Keratoconus is a progressive degenerative pathology of the cornea, which accounts for a large part of the eye’s total optical power.
Even today this pathology is largely unknown, resulting in progressive, incurable loss of sight even though methods exist to prevent its progression when detected in its early stages.
Keratoconus is bilateral and occurs most severely in young people. During the course of the pathology, the cornea gradually becomes more pronounced (curved), with an irregular deformation of the surface until it becomes cone-shaped due to the mechanical weakening of the corneal structure. This significantly impairs the patient’s sight, even to levels below 10% and corneal transplants may be the only solution to regain some of the sight lost. The pathology is often treated surgically with corneal ring implants or the cross-linking technique. The aim of such treatments is to improve the patient’s quality of life.

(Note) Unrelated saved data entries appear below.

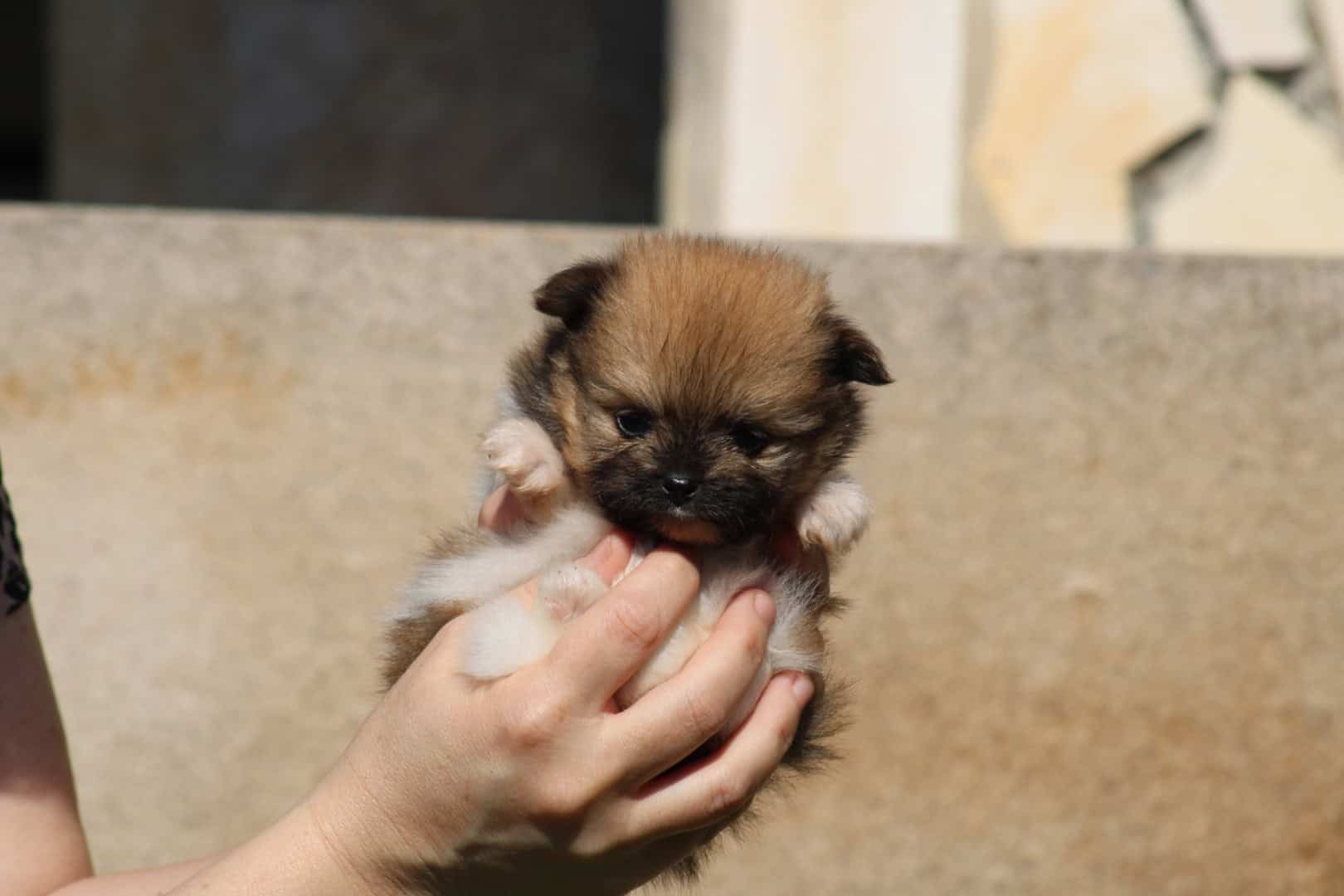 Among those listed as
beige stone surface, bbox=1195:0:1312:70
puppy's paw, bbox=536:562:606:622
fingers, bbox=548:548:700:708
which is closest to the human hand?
fingers, bbox=548:548:700:708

Current diagnosis of keratoconus is based on overt clinical signs. This means that the pathology can only be detected when it has a clinical manifestation; i.e. when the patient already has already lost a considerable amount of sight and the surface of the cornea is significantly deteriorated.
CORNEA_project holds the exclusive exploitation rights of the only known biomarkers that enable keratoconus to be detected early, even before the presence of clinical signs, with very high sensitivity and specificity rates.
These biomarkers, whose clinical utility is protected by a patent, are the only ones known to have a high degree of expression in patients even in cases far below what would be subclinical keratoconus, demonstrating sufficient sensitivity to diagnose keratoconus at the earliest stages, prior to the appearance of detectable clinical signs. This puts us well ahead of current diagnostic methods.
The correlation between the expression of these biomarkers and the onset, progression and severity of keratoconus makes them unique tools to diagnose and monitor the pathology and prevent problems associated with refractive surgery, such as post-LASIK ectasia.
To develop the first clinical test based on scientific evidence for the early diagnosis of keratoconus.
Fast, efficient and carried out on site.
The only test capable of reducing the risk of post-LASIK ectasia due to keratoconus not being detected prior to surgery.